O mesmo se poderá dizer da envergadura da feira que diminuiu, motivado por se realizar agora também aos domingos, Dotada de uma enorme praia, também ela sofreu alterações na sua infra-estrutura. Mas o que quero realçar é o povo. Povo alegre e de fácil convívio, onde o prazer da mesa é um mandamento a que ninguém se furta. Resultado; apaixonei-me por esta gente a ponto de aqui comprar casa, acerca de trinta anos e provavelmente aqui acabarei os meus dias.
Portas quase sempre escancaradas, faziam-me recordar as casas da minha infância, onde entravamos com todo o à vontade. Daí, que naquele tempo, ninguém estranhar que uma pessoa que não fosse o proprietário entrasse sem pedir licença.
Era já noite cerrada quando o guarda Ricardo entrou em casa de Ana Rita sem bater à porta. Sem que ninguém desconfiasse, havia um arranjinho entre os dois, que aproveitavam o facto do marido da Ana trabalhar por turnos para estarem à vontade.
Naquele dia, como de costume à hora combinada já a Ana se encontrava no seu leito esperando o amante. Luz do candeeiro apagada era parte do acordo, uma exigência da Ana que entendia que aquele acto deveria ser o mais recatado possível, aliás, gabava-se que nem o marido algum dia a vira nua. Por conseguinte era assim a prática e nada de a contradizer ou arriscava-se a perder aqueles doces momentos. José, o marido, também acatava essa exigência com um certo orgulho, pois entendia nisso castidade e pudor.
Aquele adultério já se estendia por algum tempo, a ponto do guarda adormecer sem grande preocupação, sabendo que o marido só regressava lá para as seis da madrugada.

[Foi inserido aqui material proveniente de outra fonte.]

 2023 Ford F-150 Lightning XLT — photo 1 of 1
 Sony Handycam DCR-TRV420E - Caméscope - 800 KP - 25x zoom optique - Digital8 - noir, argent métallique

Um barulho de passos a ranger no soalho fizeram com que o guarda desse um salto que nem uma mola, sem mais, atirou-se para debaixo da cama, enquanto a Ana aflita lhe sussurrava para não fazer barulho.
Às escuras o marido começou a despir-se enquanto a esposa após lhe ter perguntado o porquê de ter vindo tão cedo, dava voltas à cabeça na forma de conseguir a fuga do amante.
- A maquina avariou-se e como não estávamos lá a fazer falta, o encarregado mandou-nos embora, mas dorme que eu vou fazer o mesmo.
Subitamente uma ideia surgiu na cabeça da esposa infiel.
- Ai meu querido marido, ainda bem que já aqui estás. Estou com uma dor de dentes que não posso, será que podias ir à farmácia comprar qualquer coisa para a dor?
Ainda que relutante por ter que acordar o farmacêutico, o pobre saltou da cama, vestiu-se e lá foi comprar o medicamento. A ocasião foi aproveitada pelo guarda para escapar.
Enquanto lhe aviava uns comprimidos, o farmacêutico mirava o cliente de alto a baixo e sem se conter mais perguntou:
- Ó Zé, tu agora és da Guarda Nacional Republicana?
- Ora que ideia a sua, senhor Francisco, - respondeu o Zé com uma gargalhada – mas por que o pergunta?
- Então porquê? Oh homem de Deus!... O que queres que eu diga à vista dessas calças da GNR que tens vestidas!?...
Após grande confusão e apesar da traição o casamento manteve-se. O guarda nunca mais foi visto. Soube-se mais tarde que pedira transferência para outro posto do país, porque o Zé era dos tesos e nunca se sabe o que um homem traído é capaz.
Nunca mais a casa da Ana Rita ficou de portas encostadas. No quarto, assim que escurecia, uma luz, ficava permanentemente acesa, ainda que se estivesse acordado ou a dormir, exigência do José, não fosse o diabo tecê-las e algum dia numa aflição vestir por engano as saias da esposa.